My opinion was once, “Entity Framework is slow.” As I dive more deeply into the nuances of Entity Framework Core, that opinion is changing, but only slightly. It’s becoming, “Entity Framework is slow out of the box.”
There are ways to make it better. I’ll describe one of those here, but first, let’s establish the environment:
– Entity Framework Core 7.0.5
– The “code-first” approach
– SQL Server database (any in-support version)
So what does EF Core do wrong?
In this situation, when you define a string field of a model, the underlying data type will be nvarchar(max). For those who don’t know, this is a variable-length Unicode string with an effective maximum length of 231-1 characters (2 GB). This is a combination of three choices that EF Core is making:
1. nvarchar(max): The desired encoding (ASCII versus Unicode) is unknown. Therefore, EF Core defaults to the “safer” option, Unicode.
2. nvarchar(max): The preference between a fixed-length string and a variable-length string is unknown. Because fixed-length Unicode strings have a size limit of 4000, while variable-length strings can be larger (see below), EF Core defaults to a variable-length string.
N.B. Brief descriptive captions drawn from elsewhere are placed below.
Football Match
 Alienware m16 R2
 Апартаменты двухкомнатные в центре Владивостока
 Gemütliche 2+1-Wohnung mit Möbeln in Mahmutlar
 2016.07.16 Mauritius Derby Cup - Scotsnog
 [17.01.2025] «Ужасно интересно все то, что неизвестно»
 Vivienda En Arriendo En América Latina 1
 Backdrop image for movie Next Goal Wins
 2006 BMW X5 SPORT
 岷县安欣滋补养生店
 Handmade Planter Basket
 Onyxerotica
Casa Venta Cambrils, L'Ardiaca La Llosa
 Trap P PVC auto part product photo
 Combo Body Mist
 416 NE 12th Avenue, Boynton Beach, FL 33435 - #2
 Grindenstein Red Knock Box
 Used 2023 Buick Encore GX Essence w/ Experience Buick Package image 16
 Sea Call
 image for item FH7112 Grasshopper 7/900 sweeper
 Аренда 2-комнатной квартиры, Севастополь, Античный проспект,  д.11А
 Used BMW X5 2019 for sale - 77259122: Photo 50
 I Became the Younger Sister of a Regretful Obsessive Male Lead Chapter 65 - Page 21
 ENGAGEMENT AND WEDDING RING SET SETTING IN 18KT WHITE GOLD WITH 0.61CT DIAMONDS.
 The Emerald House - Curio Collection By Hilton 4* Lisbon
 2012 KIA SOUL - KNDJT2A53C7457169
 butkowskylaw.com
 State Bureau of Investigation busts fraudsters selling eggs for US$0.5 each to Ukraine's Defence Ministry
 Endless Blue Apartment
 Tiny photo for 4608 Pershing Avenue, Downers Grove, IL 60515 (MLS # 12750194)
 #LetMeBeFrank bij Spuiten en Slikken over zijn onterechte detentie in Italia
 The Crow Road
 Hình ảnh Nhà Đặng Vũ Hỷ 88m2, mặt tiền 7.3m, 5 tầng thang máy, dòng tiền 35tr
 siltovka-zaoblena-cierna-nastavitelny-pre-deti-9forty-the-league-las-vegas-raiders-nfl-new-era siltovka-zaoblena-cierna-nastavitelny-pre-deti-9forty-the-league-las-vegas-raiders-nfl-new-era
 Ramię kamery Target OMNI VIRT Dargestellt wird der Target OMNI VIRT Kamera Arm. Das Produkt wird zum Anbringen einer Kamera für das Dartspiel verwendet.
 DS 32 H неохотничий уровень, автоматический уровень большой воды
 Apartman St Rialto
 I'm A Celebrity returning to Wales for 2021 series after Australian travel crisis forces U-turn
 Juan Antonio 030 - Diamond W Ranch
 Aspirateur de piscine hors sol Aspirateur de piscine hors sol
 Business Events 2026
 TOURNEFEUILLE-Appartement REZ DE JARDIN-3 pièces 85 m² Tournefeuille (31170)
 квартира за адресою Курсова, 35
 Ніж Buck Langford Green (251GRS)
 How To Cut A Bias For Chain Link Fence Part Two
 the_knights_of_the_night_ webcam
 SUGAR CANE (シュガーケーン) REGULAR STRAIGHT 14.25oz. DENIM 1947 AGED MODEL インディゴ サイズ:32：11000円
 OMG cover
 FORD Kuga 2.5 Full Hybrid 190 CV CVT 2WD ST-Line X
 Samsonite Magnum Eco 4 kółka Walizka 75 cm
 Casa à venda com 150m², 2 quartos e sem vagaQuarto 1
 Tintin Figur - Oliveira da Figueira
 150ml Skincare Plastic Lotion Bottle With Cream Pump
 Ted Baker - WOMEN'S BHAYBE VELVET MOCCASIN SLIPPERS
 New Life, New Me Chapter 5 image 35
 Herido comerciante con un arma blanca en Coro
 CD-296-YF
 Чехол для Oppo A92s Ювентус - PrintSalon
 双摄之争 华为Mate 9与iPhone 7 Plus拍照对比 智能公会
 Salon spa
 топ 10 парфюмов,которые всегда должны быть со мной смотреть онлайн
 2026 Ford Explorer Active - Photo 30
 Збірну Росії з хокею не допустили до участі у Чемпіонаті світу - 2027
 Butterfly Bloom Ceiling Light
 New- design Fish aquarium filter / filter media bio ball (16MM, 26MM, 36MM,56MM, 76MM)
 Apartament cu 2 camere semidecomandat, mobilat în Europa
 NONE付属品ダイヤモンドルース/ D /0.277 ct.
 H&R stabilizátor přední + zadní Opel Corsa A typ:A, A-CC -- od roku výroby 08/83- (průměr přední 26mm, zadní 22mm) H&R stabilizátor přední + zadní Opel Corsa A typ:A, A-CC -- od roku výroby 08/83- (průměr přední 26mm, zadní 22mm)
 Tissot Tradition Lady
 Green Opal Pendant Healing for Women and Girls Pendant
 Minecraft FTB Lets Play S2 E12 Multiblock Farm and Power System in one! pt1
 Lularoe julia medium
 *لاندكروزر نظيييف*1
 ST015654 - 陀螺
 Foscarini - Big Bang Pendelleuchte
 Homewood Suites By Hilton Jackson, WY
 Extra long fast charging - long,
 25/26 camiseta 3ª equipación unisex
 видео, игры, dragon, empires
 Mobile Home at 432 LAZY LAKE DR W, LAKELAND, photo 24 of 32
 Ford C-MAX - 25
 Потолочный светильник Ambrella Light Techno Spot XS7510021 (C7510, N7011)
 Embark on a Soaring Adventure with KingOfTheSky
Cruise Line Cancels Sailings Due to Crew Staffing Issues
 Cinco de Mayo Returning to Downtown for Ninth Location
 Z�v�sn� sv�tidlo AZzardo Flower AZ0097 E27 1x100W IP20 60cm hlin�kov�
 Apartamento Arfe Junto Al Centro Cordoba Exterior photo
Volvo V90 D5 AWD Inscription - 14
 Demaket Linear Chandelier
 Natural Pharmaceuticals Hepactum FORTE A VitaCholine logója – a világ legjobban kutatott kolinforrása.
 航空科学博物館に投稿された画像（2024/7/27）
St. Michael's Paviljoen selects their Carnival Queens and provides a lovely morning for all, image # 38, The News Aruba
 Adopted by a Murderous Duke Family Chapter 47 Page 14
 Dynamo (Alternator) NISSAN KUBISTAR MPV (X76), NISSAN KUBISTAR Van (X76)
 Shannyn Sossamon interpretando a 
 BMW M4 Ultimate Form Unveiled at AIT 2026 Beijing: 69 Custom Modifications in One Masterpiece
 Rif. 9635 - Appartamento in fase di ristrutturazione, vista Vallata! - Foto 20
3. nvarchar(max): The desired length is also unknown. Therefore, EF Core defaults to the maximum possible length, “max”.
What are the problems with those decisions?
1. ASCII strings consume half the memory of Unicode strings in SQL Server. If all you need is an ASCII string, then that’s the option to choose.
2. If you have extremely consistent data lengths, then fixed-length columns can be more efficient.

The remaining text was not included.